What is expected
Repeat only the lines below from the one that contains "Elegant Chain Jewelry" through the final line, exactly. Omit pictures.

Dataset records
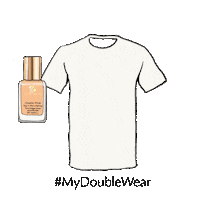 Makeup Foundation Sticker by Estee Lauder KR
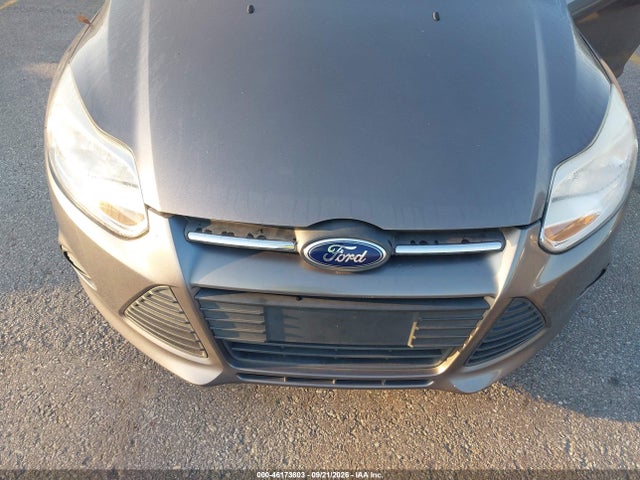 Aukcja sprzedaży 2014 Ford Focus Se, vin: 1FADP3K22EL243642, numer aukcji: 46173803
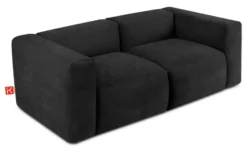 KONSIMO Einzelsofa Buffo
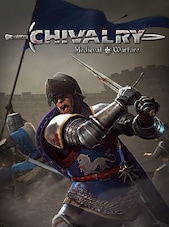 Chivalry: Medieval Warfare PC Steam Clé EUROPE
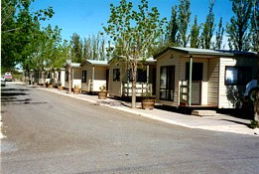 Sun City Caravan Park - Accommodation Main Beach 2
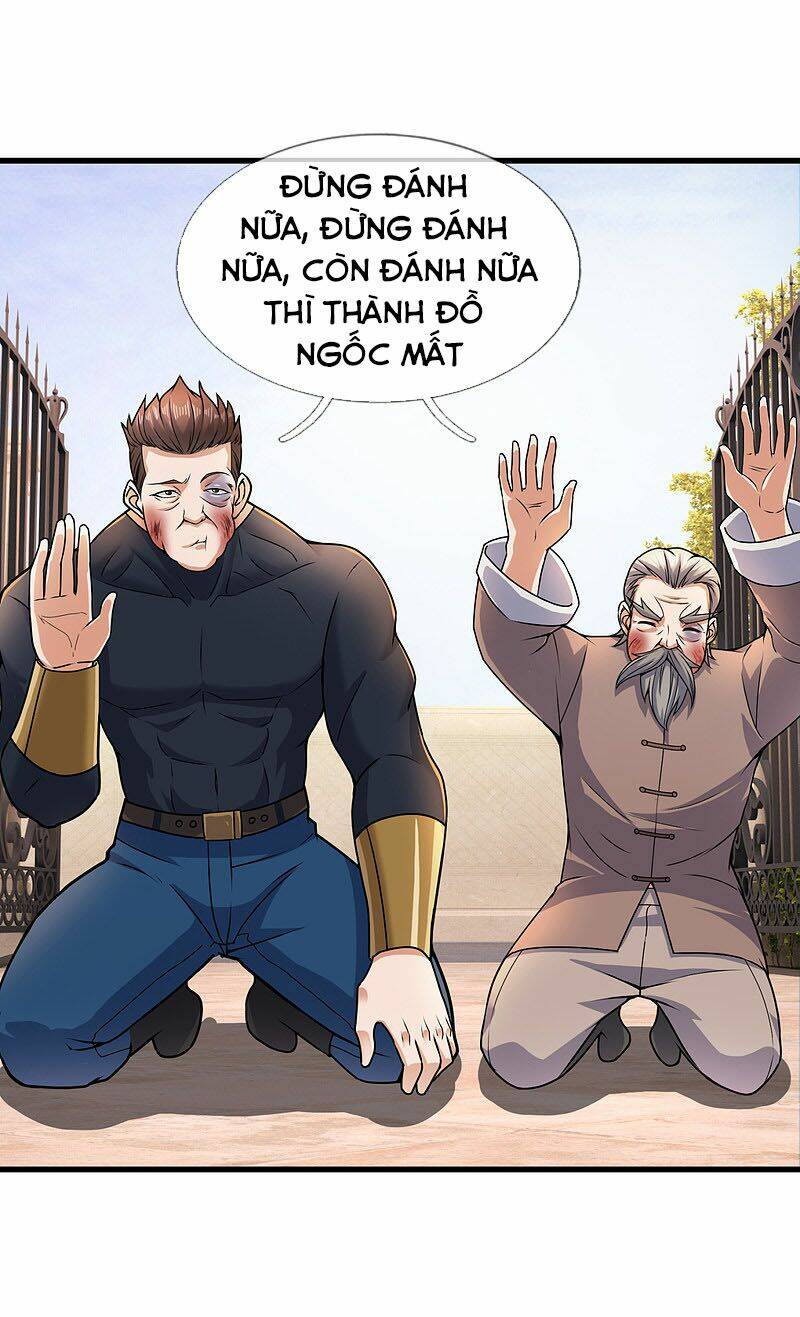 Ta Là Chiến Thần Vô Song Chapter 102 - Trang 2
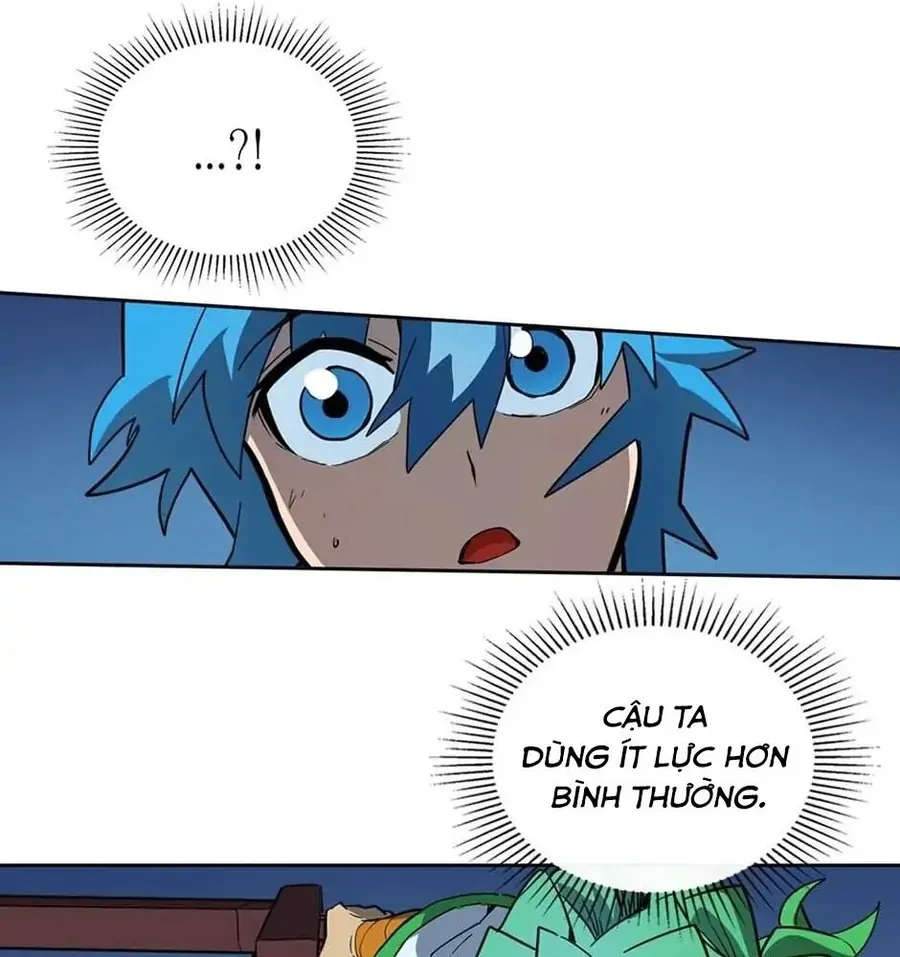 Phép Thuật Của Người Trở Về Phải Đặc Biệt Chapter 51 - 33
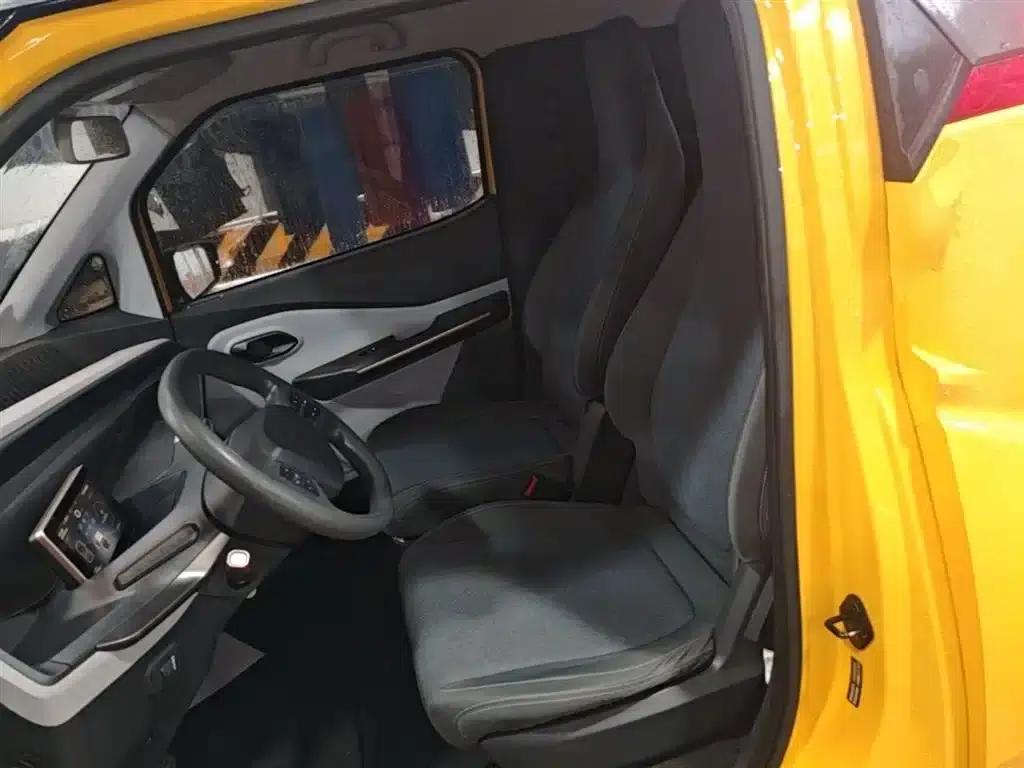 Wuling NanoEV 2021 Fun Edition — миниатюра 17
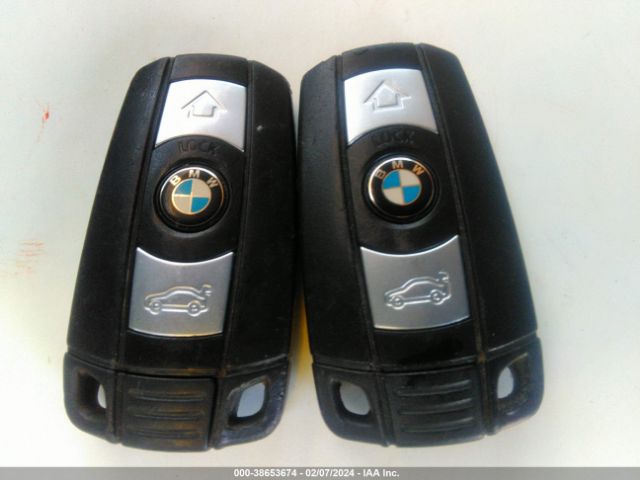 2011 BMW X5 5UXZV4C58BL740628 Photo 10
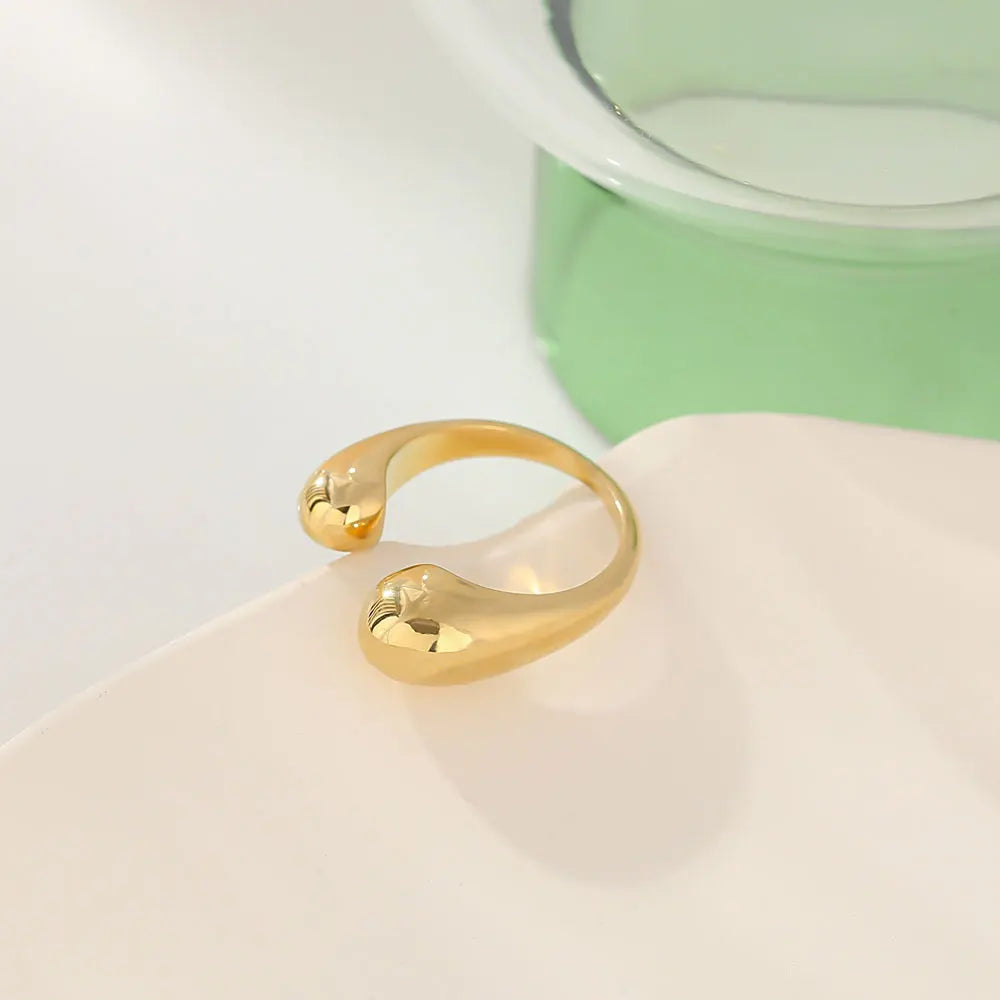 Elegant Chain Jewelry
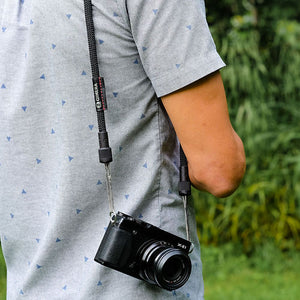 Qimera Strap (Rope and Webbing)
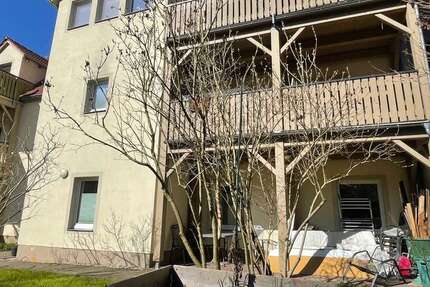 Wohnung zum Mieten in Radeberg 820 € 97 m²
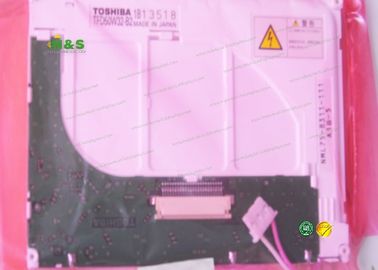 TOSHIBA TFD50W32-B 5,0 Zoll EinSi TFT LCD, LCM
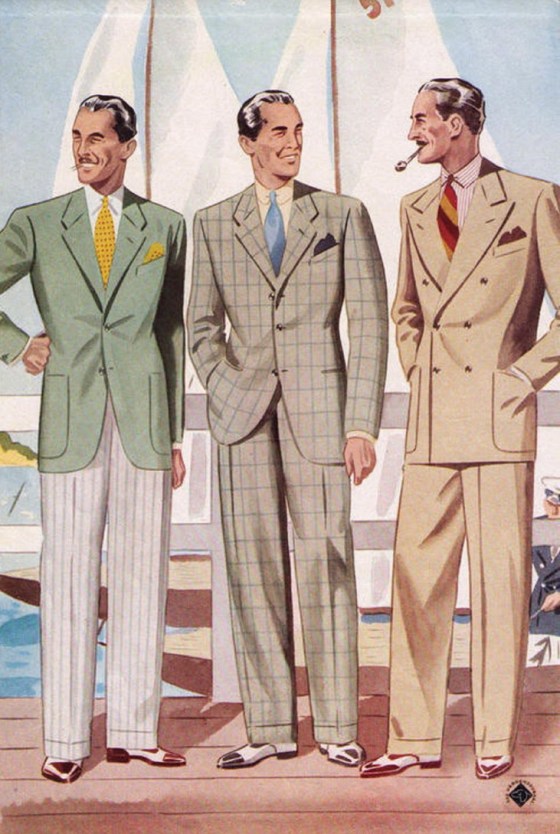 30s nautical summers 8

Result for this task
 Elegant Chain Jewelry
 Qimera Strap (Rope and Webbing)
 Wohnung zum Mieten in Radeberg 820 € 97 m²
 TOSHIBA TFD50W32-B 5,0 Zoll EinSi TFT LCD, LCM
 30s nautical summers 8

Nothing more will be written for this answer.